Dimension	Datadog	Grafana/Prometheus
Setup time	Minutes (SaaS)	Days (self-managed)
Operational overhead	None	Significant (Prometheus storage scaling, Thanos/Cortex for HA)
APM	Native, excellent UI	Jaeger or Tempo; good but separate
Log management	Native	Loki; excellent but separate query language
Synthetic monitoring	Native browser + API tests	Grafana k6 Cloud (separate product), Blackbox Exporter for probes
Long-term metric storage	15 months (Pro)	Configurable (Thanos, Cortex, VictoriaMetrics)
Custom dashboards	Excellent, fast	Excellent
Alerting	Monitors UI, composite logic	Alertmanager; powerful but less integrated
Cost at 50 hosts	~$2,000/month (APM Pro)	<$200/month (infra, excluding team time)
Cost at 500 hosts	~$20,000/month	~$1,500/month
AI/ML anomaly detection	Watchdog (native), forecasting	Grafana Machine Learning (add-on)
On-prem deployment	No (SaaS only)	Yes
Compliance/data residency	EU region available	Full control

When Datadog wins: teams without dedicated platform engineering capacity, organisations needing fast time-to-value, stacks with more than five microservices where cross-service correlation is the primary pain, regulated environments where the vendor handles reliability and retention SLAs.

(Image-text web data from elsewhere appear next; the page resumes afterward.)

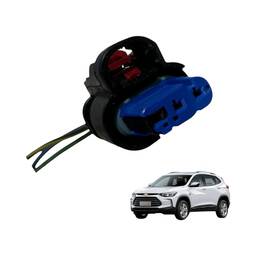 PLUG  PRESSOSTATO TUBO DE AR CONDICIONADO TRACKER 1.0 TURBO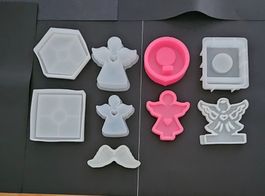 Giessformen Silikon Engel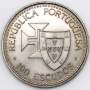 Монета 100 эскудо 1989 года, Открытие острова Мадейра «Золотой век открытий», Португалия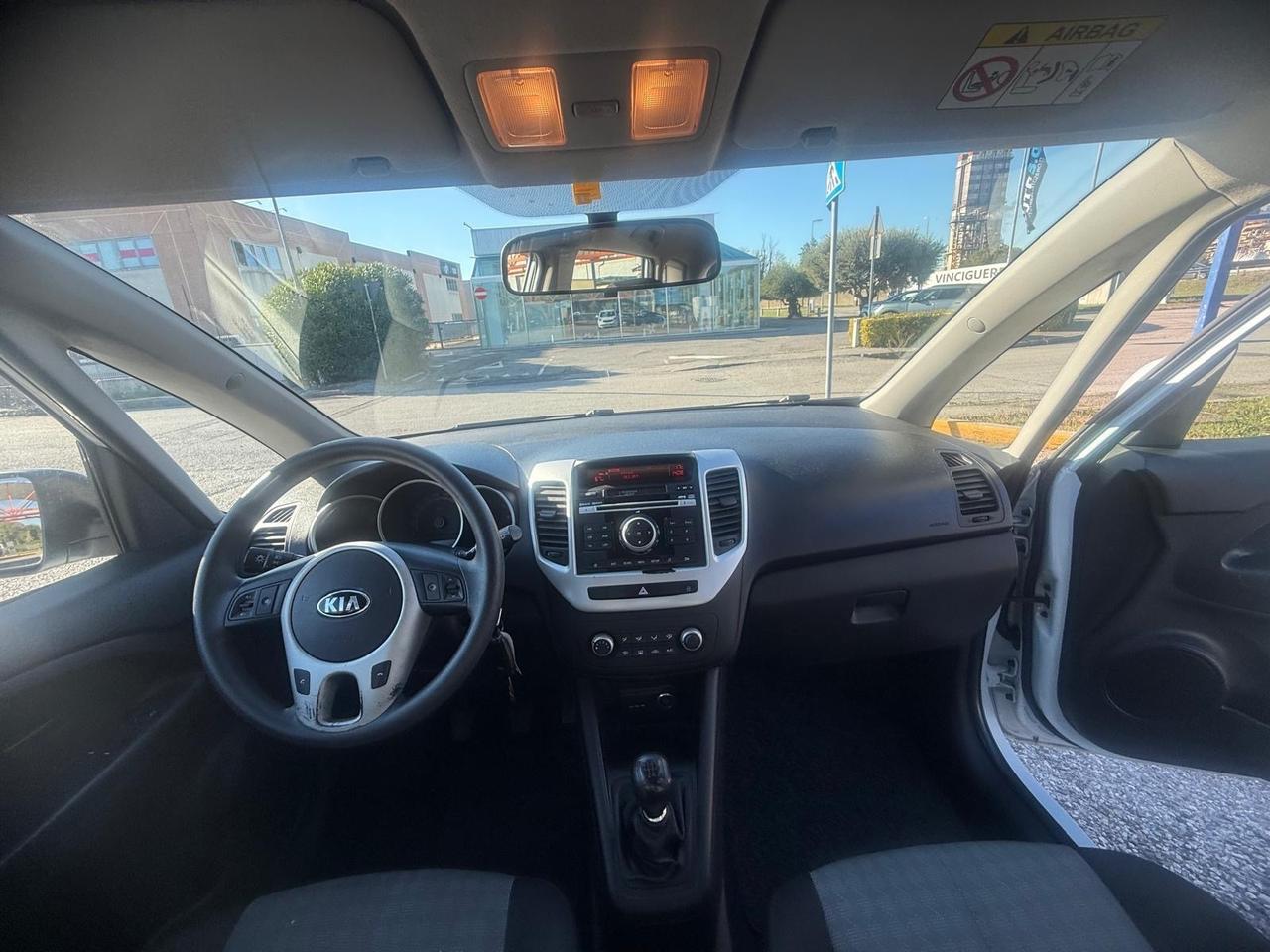 Kia Venga 1.4 EcoGPL Cool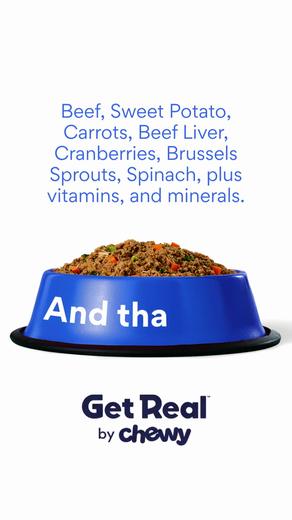 Chewy ad from the Meta Ad Library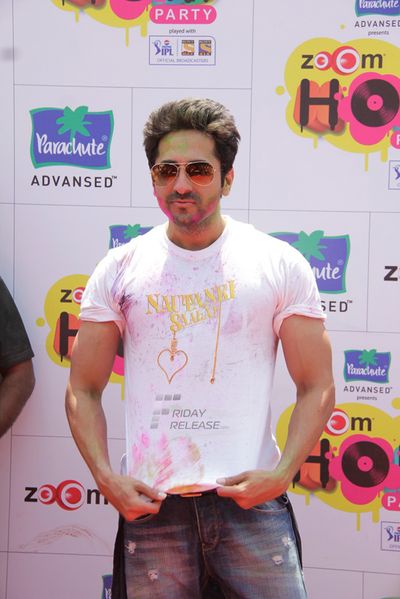 Ayushman Khurana Photo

When Grafana/Prometheus wins: cost-sensitive clients (especially startups or clients with 50+ hosts), organisations with existing platform engineering expertise, workloads with strict data residency requirements, clients already using Grafana for infrastructure and unwilling to pay APM add-on costs.

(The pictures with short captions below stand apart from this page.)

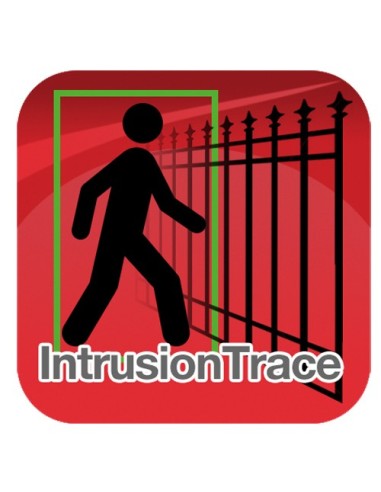 XTRALIS - DAUERLIZENZ INTRUSIONTRACE - FÜR 32 VIDEOKANÄLE - KOMPATIBEL NUR MIT IFT / IFT-E / EFT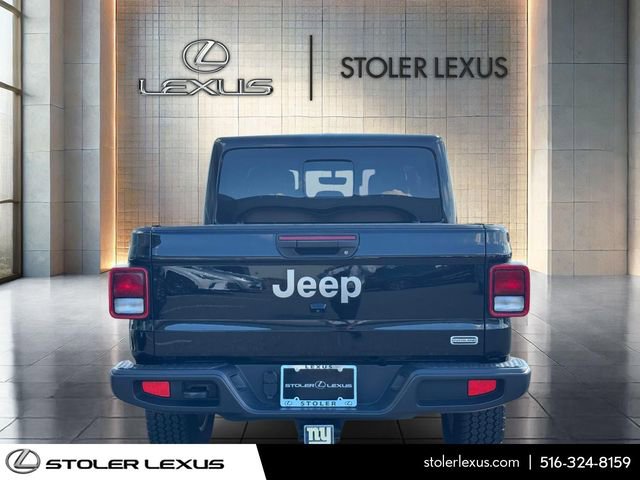 Used 2021 Jeep Gladiator Overland w/ Popular Equipment Package image 9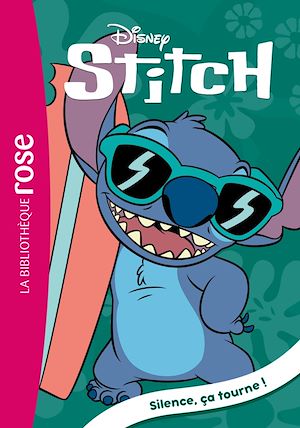 Téléchargez le livre :  Stitch ! 15 - Silence, ça tourne !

When to recommend a hybrid: use Prometheus/Grafana for infrastructure and application metrics, add Datadog Synthetics only for external synthetic monitoring (the cheapest Datadog entry point), and use Grafana k6 Cloud for load testing. This pattern gives clients synthetic monitoring without the full Datadog cost structure.

Quick Reference

Agent Install (Ubuntu)

DD_API_KEY=<key> DD_SITE="datadoghq.com" bash -c \
  "$(curl -L https://s3.amazonaws.com/dd-agent/scripts/install_script_agent7.sh)"

Python APM Quick Start

pip install ddtrace
DD_SERVICE=my-service DD_ENV=staging ddtrace-run python app.py

DogStatsD Custom Metric (Python)

from datadog import initialize, statsd

initialize(statsd_host='localhost', statsd_port=8125)
statsd.histogram('test.suite.duration_ms', 4523, tags=['suite:checkout', 'env:staging'])

Force Trace Retention (Python)

from ddtrace import tracer
from ddtrace.constants import USER_KEEP

with tracer.trace("load_test.session") as span:
    span.context.sampling_priority = USER_KEEP
    run_user_session()

Mark Test Run as Datadog Event (CLI)

datadog-ci event create \
  --title "Performance test started: checkout suite" \
  --tags "env:staging,suite:checkout,run_id:${RUN_ID}" \
  --alert_type info

Connections

observability/tracing — OpenTelemetry conventions and auto-instrumentation that feed Datadog APM
observability/platforms — broader platform comparison including Langfuse, LangSmith, and Arize
cloud/cloud-monitoring — CloudWatch, Prometheus/Grafana, and PromQL as alternatives to Datadog
technical-qa/performance-testing — k6 scenarios and DogStatsD export for load test observability
qa/slo-sla-quality — SLO definitions and error budget policy that Datadog's SLO objects implement
test-automation/playwright — Playwright reporter integration for sending E2E test results to CI Visibility

Open Questions

How does Datadog's custom metrics cost model behave at scale when k6 or distributed tracing produce high-cardinality tag sets — and what is the practical ceiling before Prometheus/Grafana becomes cheaper?
Does Test Impact Analysis reliably reduce CI time on large monorepos, or does the coverage instrumentation overhead negate the savings?
What is the recommended data residency strategy for EU-regulated clients who need Datadog's APM but cannot send traces outside a specific region?